Dies betrifft 20% der Bevölkerung im Alter von mehr als 16 Jahren. Es mag zwar schwer erscheinen, in einer so stressigen Zeit wie dieser mit dem Rauchen aufzuhören, es wäre jedoch ein positiver Aspekt, dem man dieser Pandemie abgewinnen kann. Auf pharmakologischer Ebene sind unterstützende Massnahmen wie die systemische Antikoagulation der im Krankenhaus befindlichen Patienten und der Personen mit Risikofaktoren eine Neuheit, die Ende April dieses Jahres eingeführt wurde. Ausserdem stehen uns Daten über die geringe Wirkung einiger Arzneimittel zur Verfügung, die in der allerersten Phase eingesetzt wurden, was jetzt nicht mehr geschieht (Hydroxychloroquin und Lopinavir/Ritonavir).“
Gibt es Empfehlungen für ein Arzneimittel?

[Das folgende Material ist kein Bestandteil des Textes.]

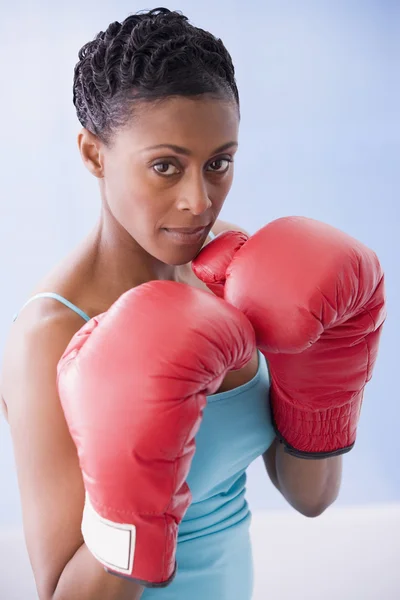 African American woman wearing boxing gloves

„Ich antworte provokativ: Vorbeugung. Wir haben noch kein spezifisches antivirales Mittel, das in der Lage ist, den Infektionsverlauf zu stoppen. Mit anderen Worten, es gibt kein einzelnes Arzneimittel, sondern bisher nur eine Reihe von unterstützenden Massnahmen (Sauerstoffversorgung, Flüssigkeitszufuhr, Beatmung) sowie pharmakologische Hilfsmittel (Antikoagulationsmittel, Cortison) zur Unterstützung des Organismus während der Erkrankung und zur Vermeidung von Komplikationen.
Wir sind noch nicht in der Lage, den Verlauf einer Infektion durch Covid-19 zu beeinflussen.“
Folgen des Coronavirus
Hinterlässt Covid-19 dauerhafte Schäden in den Lungen der Genesenen? „Wissenschaftlicher Literatur zufolge lassen sich bei ungefähr einem Drittel der Patienten 3 Monate nach Krankenhauseinlieferung eine leicht bis moderat reduzierte Fähigkeit der Lunge zur Sauerstoffaufnahme oder Veränderungen des Lungengewebes beobachten, die durch eine CT des Brustkorbs sichtbar werden.
In Pneumologie und Innerer Medizin führen wir gerade eine Untersuchung mit 40 Patienten durch, die in die Krankenhäuser des Kantons eingeliefert wurden, und wir kommen zu den gleichen Ergebnissen. Wir werden sehen, ob 12 Monate nach der Infektion eine Verbesserung gegenüber den Ergebnissen nach 3 Monaten zu erkennen ist.
Bei asymptomatischen Patienten besteht in jedem Fall kein Grund, spezifische Untersuchungen durchzuführen. Bei anderen viral bedingten Atemwegsinfektionen wie SARS im Jahre 2003 sind diese Veränderungen nach 6-12 Monaten weitgehend wieder verschwunden, für Covid-19 liegen uns jedoch noch keine entsprechenden Daten vor“, schliesst Dr. med. Pietro Gianella ab.